Scraped caption text data:
= = = = =
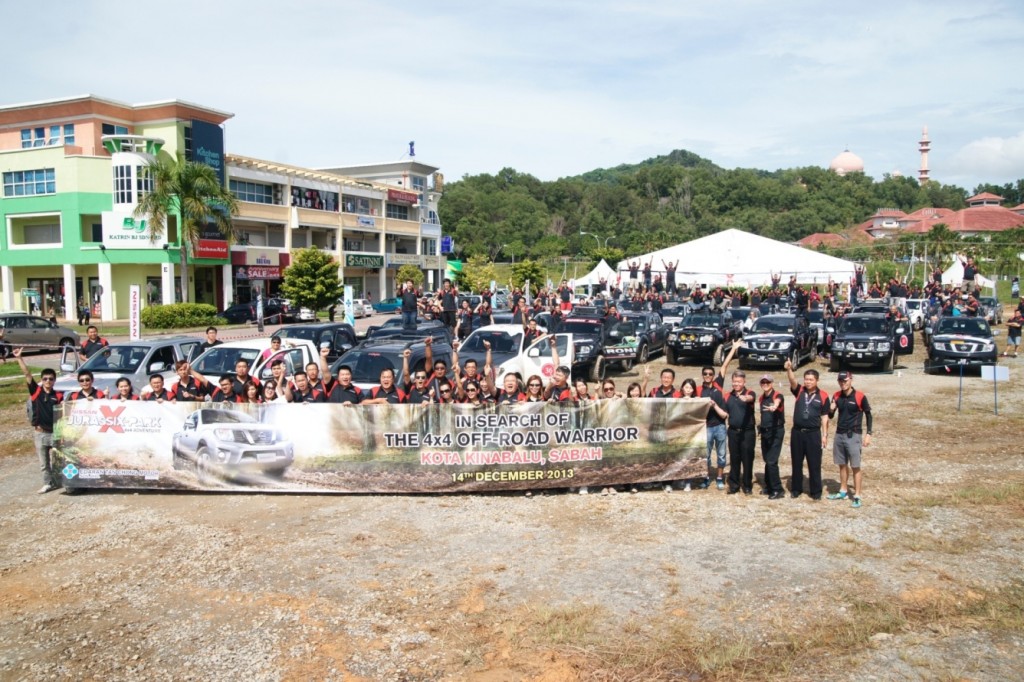 Group Photo at Nissan Village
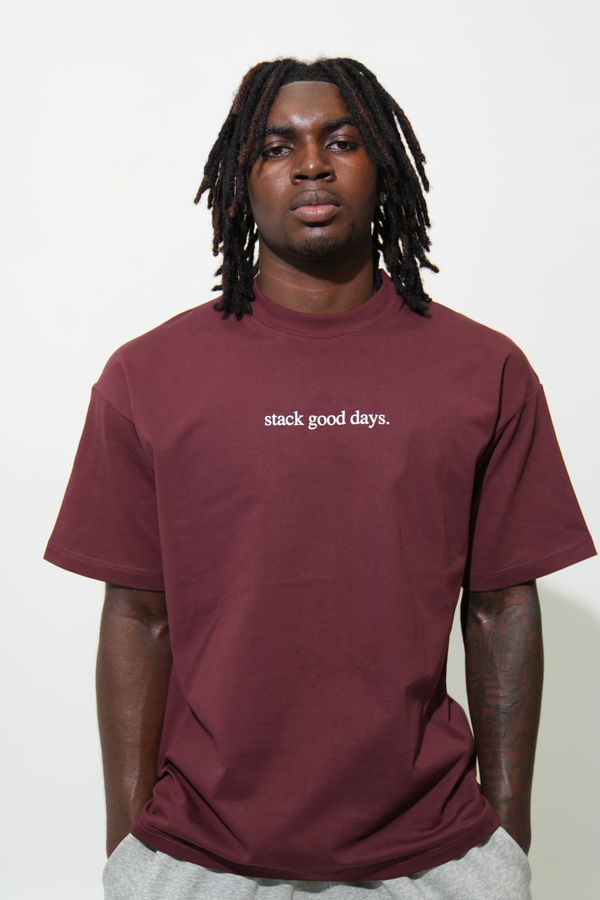 Wordmark Tee - Cherrywood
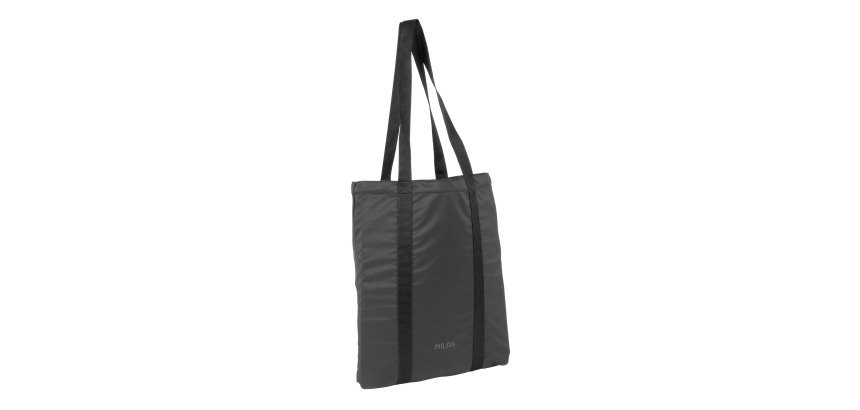 Bolso tote bag serie Shadow MILAN, negro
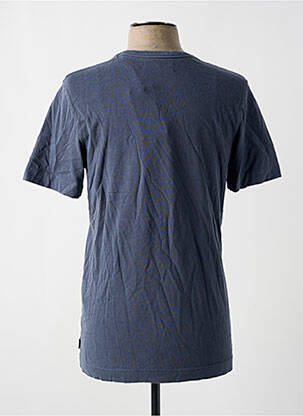 T-shirt coupe droite manches courtes bleu JACK & JONES homme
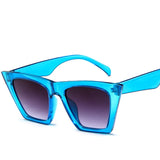 other : Lunettes de soleil Cat Eye avec protection UV Femme in Tissu libre BleuGris van Seroa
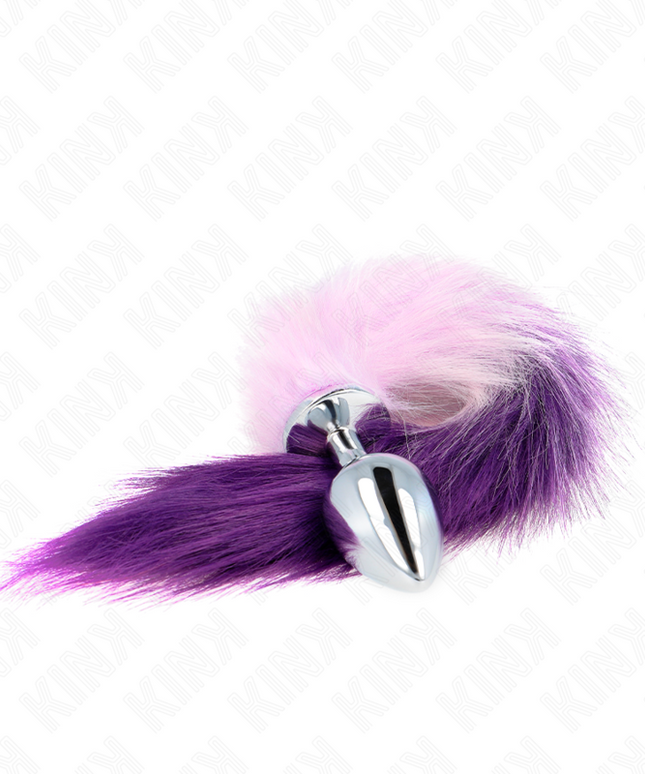 KINK - PLUG ANALE MISURA L 10 X 4 CM CON CODA SINTETICA 40 CM VIOLA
= = = = =
What needs to be done. Only the lines from the one containing "T-shirt coupe droite" through the end of the data above are to be output, exactly and without pictures.

Task answer.
 T-shirt coupe droite manches courtes bleu JACK & JONES homme
 other : Lunettes de soleil Cat Eye avec protection UV Femme in Tissu libre BleuGris van Seroa
 KINK - PLUG ANALE MISURA L 10 X 4 CM CON CODA SINTETICA 40 CM VIOLA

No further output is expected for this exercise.